In contrast, Republicans have become a party of squabbling ideological groups that John McCain must bring together if he is to win the presidency this fall. With McCain as their nominee--one with whom many conservatives have disagreements-- Republicans have become the coalition party.

I've made similar arguments (see especially, "McCain Forging New GOP Coalition), but I particulary liked Barnes' discussion of Barack Obama's sheltered political existence in the Democratic Party's ideological echo chamber:

In his brief political career, Obama has experienced the easy life. He's rated by the National Journal as the most liberal member of the Senate, but he's never had to defend his liberal views. Certainly in the 18 televised Democratic debates this year, including last week's Texas faceoff with Hillary Clinton, he hasn't. The debates have been liberal lovefests.

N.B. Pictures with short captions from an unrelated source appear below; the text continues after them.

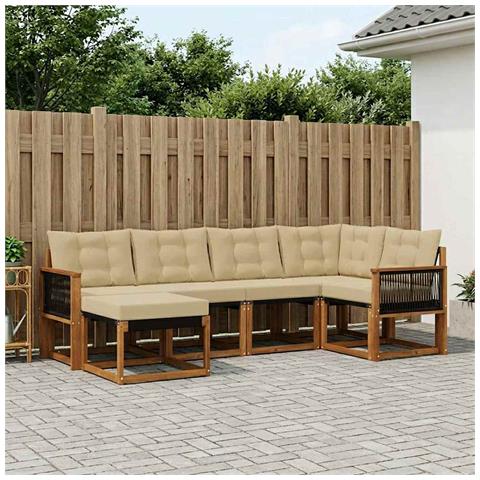Set di divani da esterno con cuscino 6 pcs Naturale e Beige - Foto 2
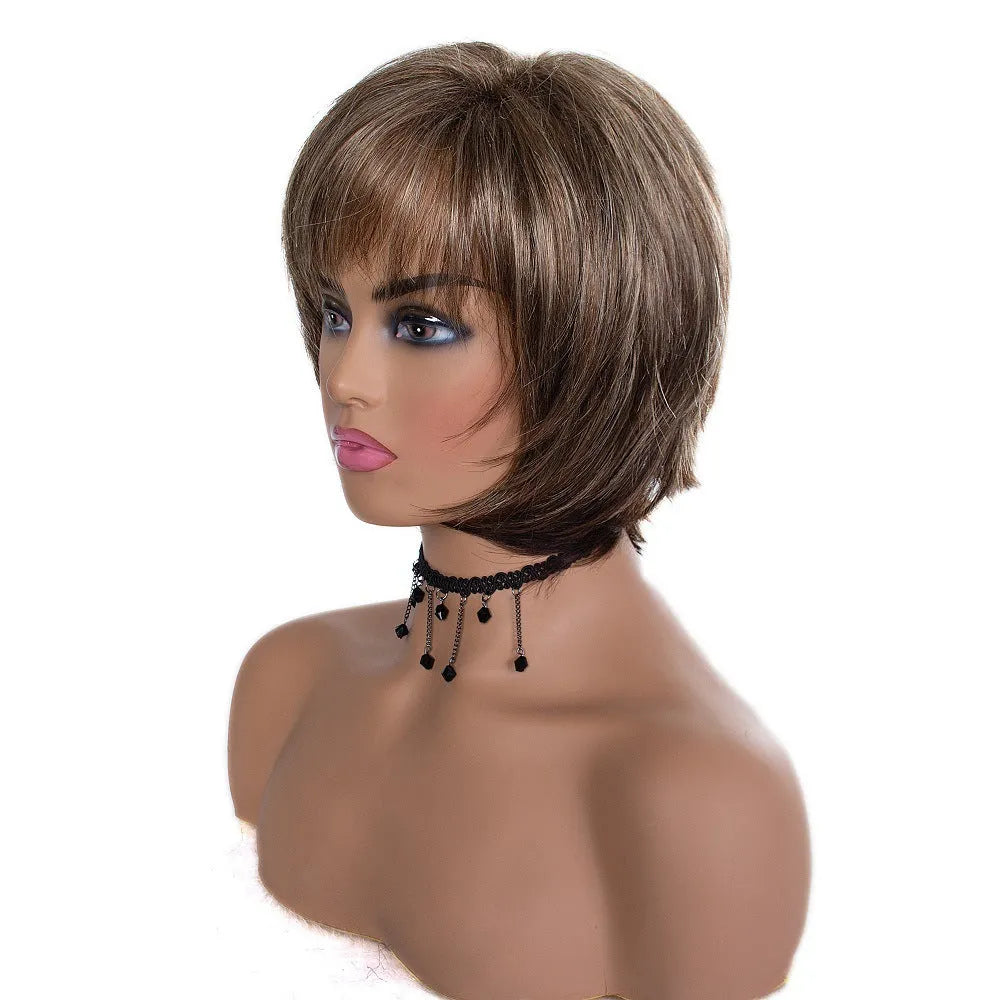 Women's fashion wig set in Blonde colour chemical fibre headgear for any face shape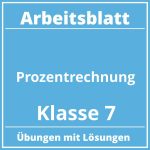 Prozentrechnung Arbeitsblatt Klasse 7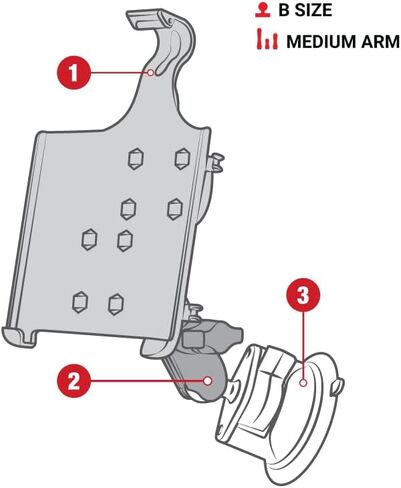 حامل ذاكرة الوصول العشوائي بقفل ملتوي لجهاز Apple iPad mini 6 RAM-B-166-AP36U للزجاج الأمامي للسيارة in Kuwait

Hillary Clinton argues that she'd be a better Democratic nominee because she has been forced to deal with what she calls "the Republican attack machine," and he hasn't. She has a point. Perhaps Obama, if he's the Democratic nominee, will be able to dismiss Republican attacks as easily as he's brushed off Clinton's criticism of him on minor points and peripheral issues. But I doubt it.

Obama has barely had to respond to Clinton at all, since their disagreements are so trivial. She says some of his words are "change you can Xerox" because he plagiarized a tiny portion of his stump speech. His answer in last week's debate was, "C'mon." That won't suffice when McCain insists Obama's plan for Iraq would amount to pulling defeat out of the jaws of victory.

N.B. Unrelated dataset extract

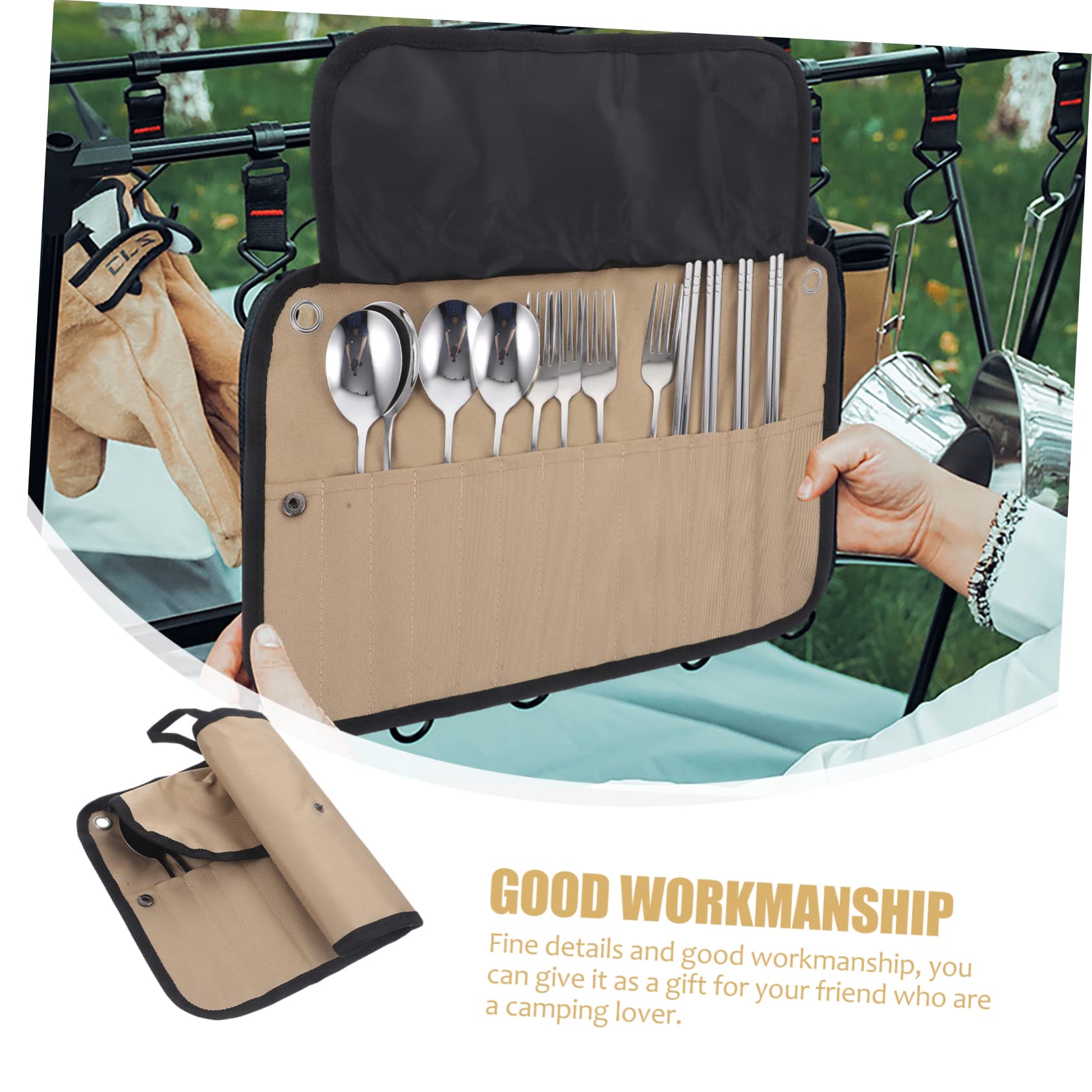 Mipcase Set Posate da Campeggio Portatile in Metallo Inossidabile e Nailon, Kit Utensili per Attività Esterna, Escursionismo e Campeggio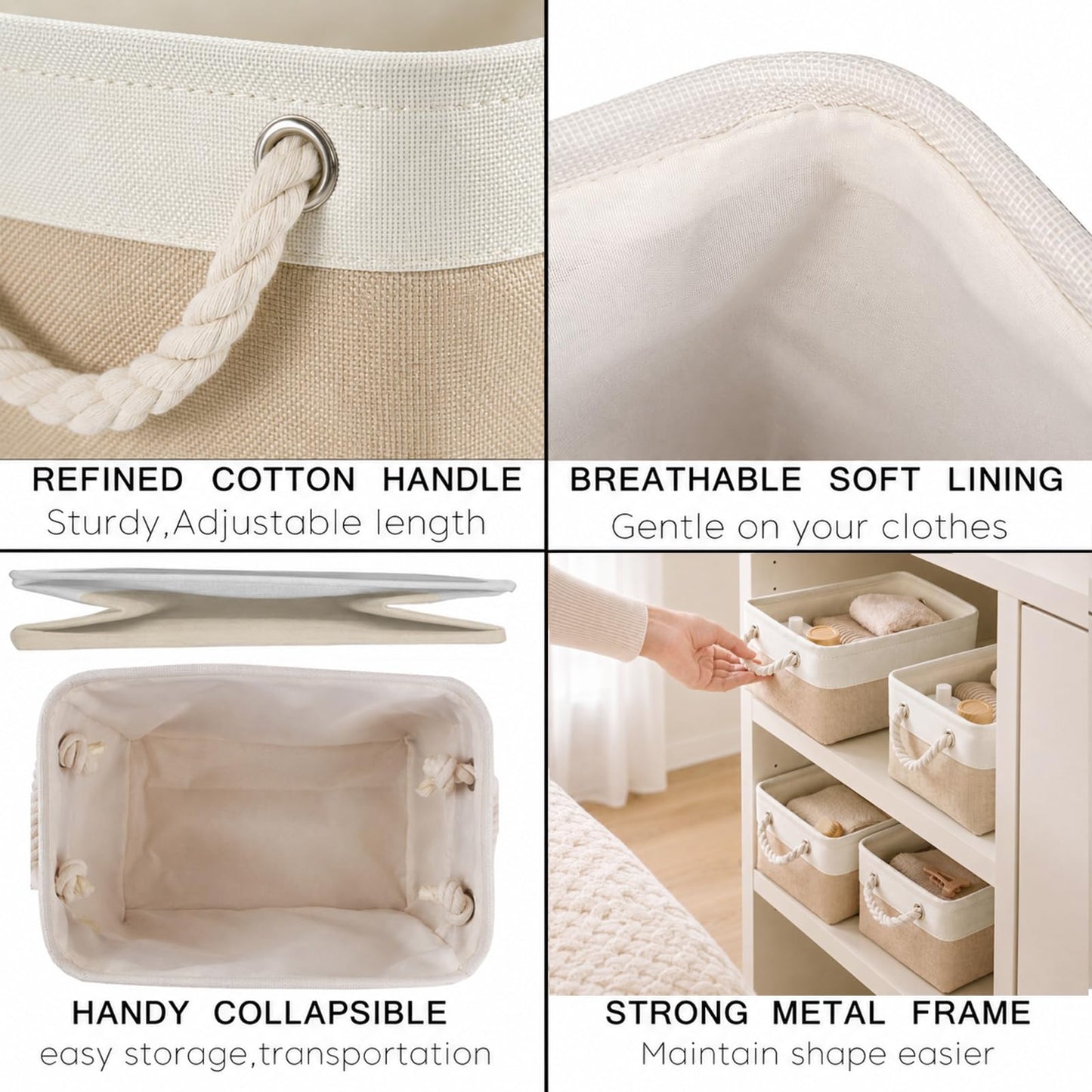 Mangata Fabric Storage Box set of 3, Foldable Fabric Storage Baskets with Handles for Cupboards, Wardrobe, Shelves, Clothes, Toys, Towel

Iraq is an example of a major issue that Obama has not been forced to think through because of the Democratic party's consensus. He has made no adjustment for the success of the surge in Iraq, scarcely even acknowledging that the violence-wracked, politically polarized country of a year ago is no longer the Iraq of today.

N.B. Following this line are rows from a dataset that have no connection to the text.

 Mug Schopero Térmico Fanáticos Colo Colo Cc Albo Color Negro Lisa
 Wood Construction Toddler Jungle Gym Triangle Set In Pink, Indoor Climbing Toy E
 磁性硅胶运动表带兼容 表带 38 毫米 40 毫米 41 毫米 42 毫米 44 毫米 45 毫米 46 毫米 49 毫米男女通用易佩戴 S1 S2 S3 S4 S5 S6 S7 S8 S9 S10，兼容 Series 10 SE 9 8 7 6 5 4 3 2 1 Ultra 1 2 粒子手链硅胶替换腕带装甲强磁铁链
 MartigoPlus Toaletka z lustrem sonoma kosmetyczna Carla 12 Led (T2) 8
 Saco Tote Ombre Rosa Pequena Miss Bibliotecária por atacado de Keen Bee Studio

The surge isn't a problem for McCain. Getting Republicans to coalesce around him is. Since Ronald Reagan was the party's presidential candidate in 1980, Republicans have lined up reflexively behind their usually conservative nominee. But McCain is anything but a reliable conservative.

So he must, first, attract strong conservatives, including the talk radio hosts who've often zinged him for being insufficiently conservative. McCain has little margin for error. He needs to win the overwhelming backing of social and religious conservatives, too. He must attract the relatively small contingent who've supported Ron Paul to prevent Paul from running as a third party libertarian candidate for president. (Paul says he has no plans to do this.)

It took no effort for McCain to round up Republican moderates. He's their guy. And he's gotten the George Bush wing with endorsements from Jeb and the elder George.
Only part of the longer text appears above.